Saturday, October 03, 2009

Charter Schools and Unlikely Ally for Strickland

Interesting post last week on Flypaper, the blog of the Fordham Foundation, a free-market oriented, pro-charters think tank with roots in Dayton. They propose some logrolling regarding Gov. Strickland's proposal to freeze the tax cut for a year. As FP correctly notes, a ten percent cut in ed. funding would devastate Ohio charters.

The proposal is to get charter backing for the tax plan in exchange for passing/signing a Husted bill poking holes in the current charter moratorium. FB says it would allow sponsors of "high-performing" charter schools to set up new schools.

To the extent this is a real trial balloon it's something worth considering. Recall that the charter industry ran attack ads against certain legislators deemed unfriendly during the budget battle. Having the charter industry as an ally, however temporary, would be a help at a time when friends are hard to come by.

I'd be all for a little legislative logrolling, but the Husted bill has serious flaws. First off, in addition to allowing new brick-and-mortar charters the bill would also lift the lid on more e-schools. Just because. Of course the fact that eschools make tons of money despite poor performance might have something to do with it.

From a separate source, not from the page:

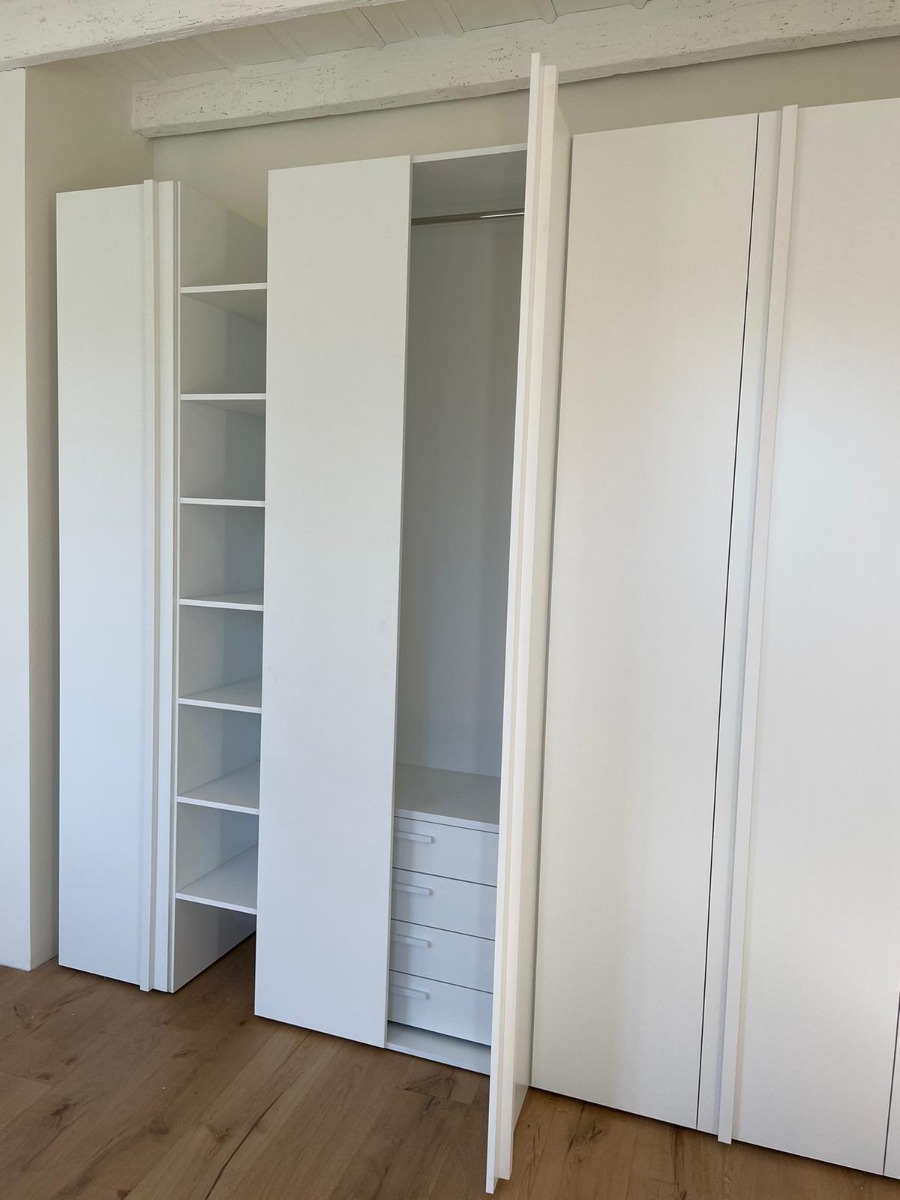 Capiente Armadio moderno con libreria, 7 ante, finitura Bianco opaco e Rovere bianco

As for the brick-and-mortar provisions, they need to be tightened up. The current language would set the threshold at having schools in continuous improvement. That's hardly high performing. And a sponsor can open new schools for each schoolin continuious improvement, regardless of the shape of its overall portfolio. 100 school in Academic Watch and 2 in continuous improvement? No problem, open two more. Much better would be to allow only those sponsors with a generally clean bill to open new schools.

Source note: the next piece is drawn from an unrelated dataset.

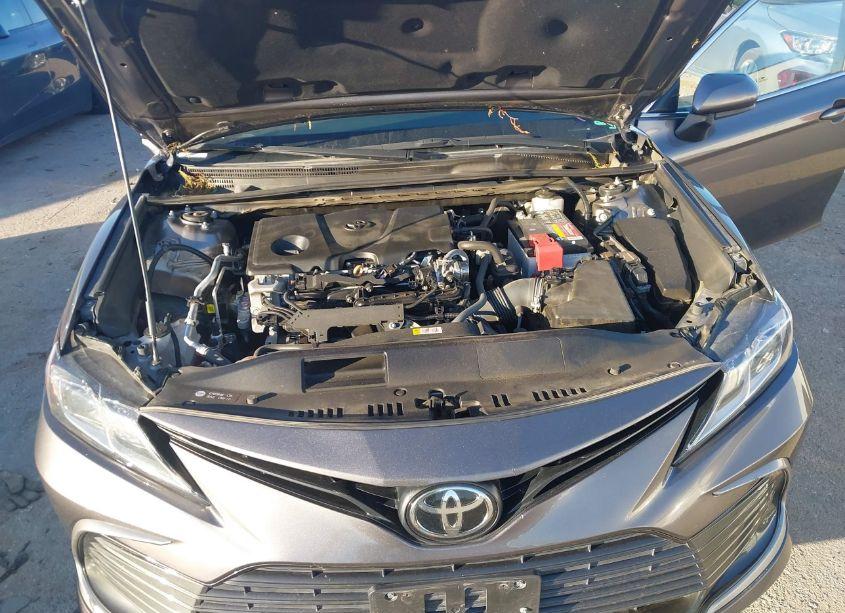 Photo 10 of 2022 Toyota Camry LE (VIN 4T1C11AK6NU631573)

But the thought by Fordham is a nice one. The post as a whole has predictable snark coming from a Republican-leaning outfit -- it's not a tax hike if taxes don't go up and saying the fiscal crisis is Strickland's fault is laughable. But all that said, Strickland will need all the help he can get to make this work. If the charter honks are willing to reach across the aisle, it's at least worth a listen.